I got back late from a gig and am now watching Bush's speech (as much to see the protesters dragged out as anything else).

A little web-surfing seems to show that Bush may have erred by talking of only small-bore economic initiatives and virtually ignoring the doubts that have plagued his reelection campaign throughout the last year.
  • From the AP's Ron Fournier:
      Reluctant to admit mistakes, Bush copped to a few — arrogant, too blunt and grammatically challenged — and explained them away with laugh lines. But he didn't give an inch on the matters that matter most, a war in Iraq (news - web sites) that has cost the lives of nearly 1,000 U.S. troops, and a job-loss record that rivals Herbert Hoover.
  • From the Washington Post's Dan Balz:
      There were some notable omissions in the president's speech.
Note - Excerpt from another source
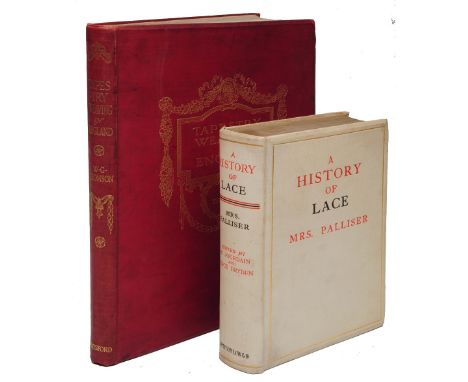 THOMSON, W.G. Tapestry Weaving in England, Batsford, 1914. Fo. Glt. Cl. Tog.with PALLISER, Bury, Mrs. History of Lace. Revise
Nowhere did he confront directly what he has heard along the campaign trail in battleground states such as Ohio and Michigan, which is the loss of jobs during his presidency and uneven economic recovery that casts a shadow over his hopes for reelection.
  • As to my initial impressions of the speech, I'd say that with every Bush speech people tend to forget the unusually low expectations we have for our President. In truth, he's a terribly stilted speaker and whatever his appeal might be we'd do well to remember that he doesn't make his case particularly effectively - if he had, he would have won in 2000, for real.